Das Land Israels und Jerusalem wurden mehr zu Symbolen, als dass sie
mit territorialer Realität verknüpft waren. Die jüdische Religion
forderte ihre Anhänger nicht einmal auf, eine Pilgerreise nach
Jerusalem zu machen, wie es der Islam von seinen Gläubigen fordert,
wenigstens einmal im Leben nach Mekka zu pilgern.
Bis zum
Aufkommen des modernen Zionismus versuchten die Juden nicht ein
einziges Mal, en masse nach Palästina zurückzukehren – das war ihnen
sogar ausdrücklich durch ihre Religion verboten. Als 1492 eine
halbe Million Juden aus dem katholischen Spanien vertrieben wurden,
zerstreuten sie sich im ganzen muslimischen Ottomanischen Reich. Nur
wenige gingen nach Palästina, auch eine ottomanische Provinz.
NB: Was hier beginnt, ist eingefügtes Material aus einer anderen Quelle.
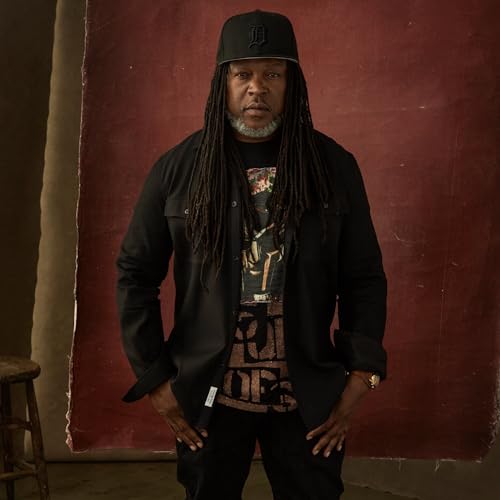#218:Shaka Senghor:How to be Free
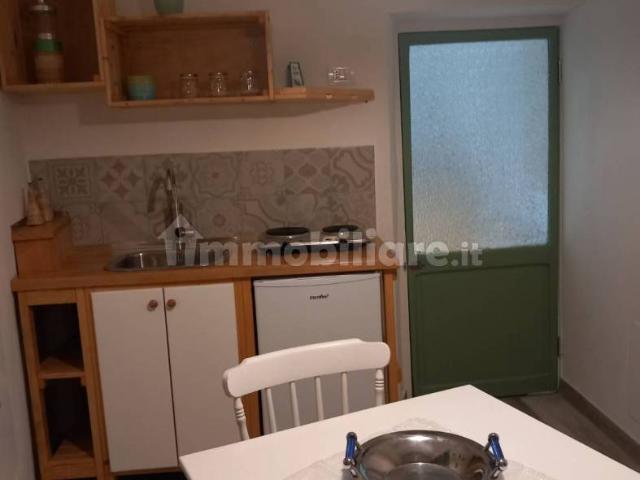 Bilocale via Maggiore 22, Centro, Artena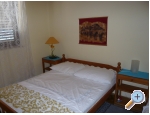 Apartmny Sliskovic, 1. line to sea - Makarska Chorvatsko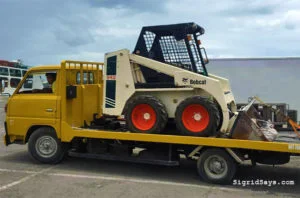 Bacolod towing service - towing service bacolod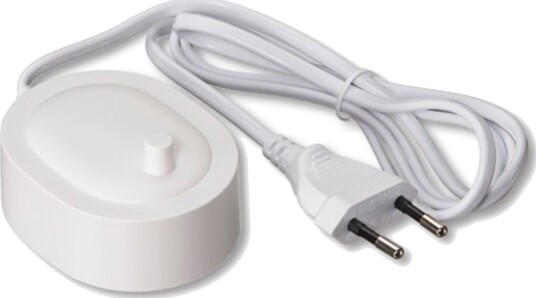 Lader for Oral-B Aquacare Munnskyller Original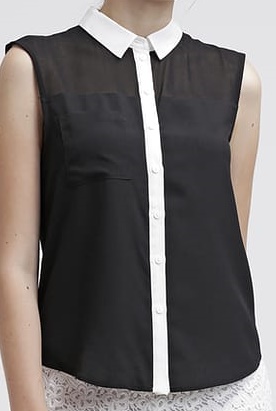 Jak wrócić do poprzedniego koloru - pomocy dziewczyny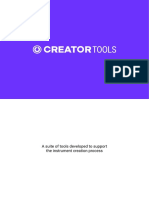 KONTAKT CREATOR TOOLS 1.4 Manual English 07 06 2021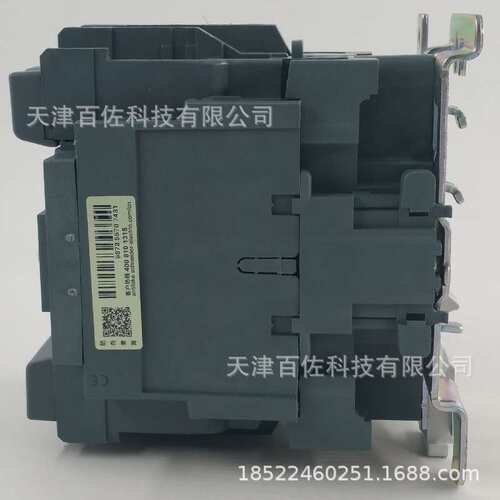 LC1N接触器LC1N95M5N接触器LC1N95M5N 95A 220V三级接触器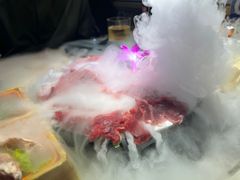 -塔兰齐新疆孜然火锅(鲤鱼山路店)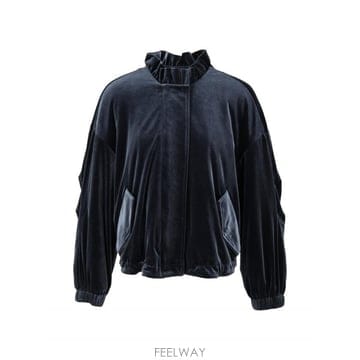 Armani 26FW �������� �Ƹ����� BLOUSON ���� EW004145AF13341UB102 TP58146375026FW �������� �Ƹ����� BLOUSON ���� EW004145AF13341UB1
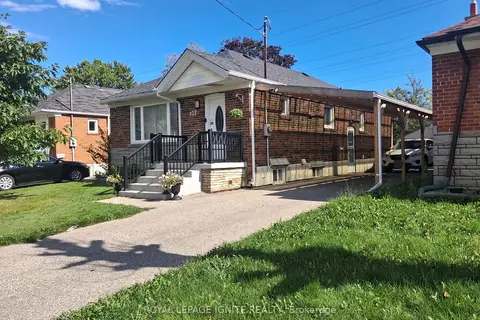 107 Flora Drive Bsmt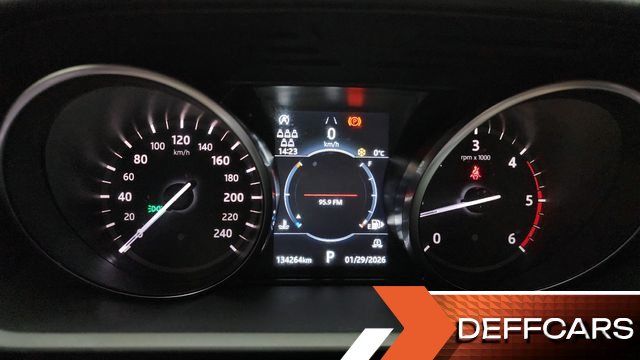 Land Rover DISCOVERY 3.0 SD6 SE купить на сайте DeffCars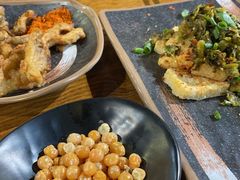 -五样儿西昌小签签烤串(天府三街店)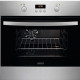 Духовой шкаф Zanussi OPZB4230X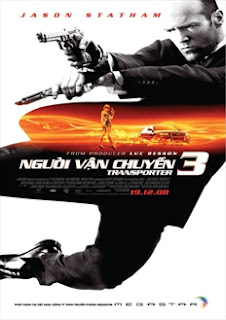 Người Vận Chuyển 3 - The Transporter 3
Napoleons Aufruf, die Juden sollten in Palästina einen jüdischen
Staat gründen, fiel auf taube Ohren. Die ersten Befürworter der
modernen zionistischen Idee – lange vor Theodor Herzl – waren
Engländer, und Amerikaner, die von christlichen Impulsen motiviert
waren.
Während der
letzten Jahrhunderte wurde das europäisch-amerikanische Judentum
immer mehr eine Religion, das von einer universalen moralischen
Botschaft durchdrungen war. Die jüdischen Denker waren davon
überzeugt, dass es die „Mission“ der Juden sei, den Völkern der
Welt eine universale Ethik zu bringen und sahen dies als das
wirkliche Wesen des Judentums an .
Der
Zionismus kam als Teil der nationalistischen Bewegungen Europas ins
Leben – und als Re-Aktion auf ihren allgemein antisemitischen
Charakter. Er brachte die Theorie auf, dass die Juden eine Nation
wie andere europäische Nationen seien und dass diese Nation ihren
eigenen Staat im Land, damals Palästina genannt, errichten sollten.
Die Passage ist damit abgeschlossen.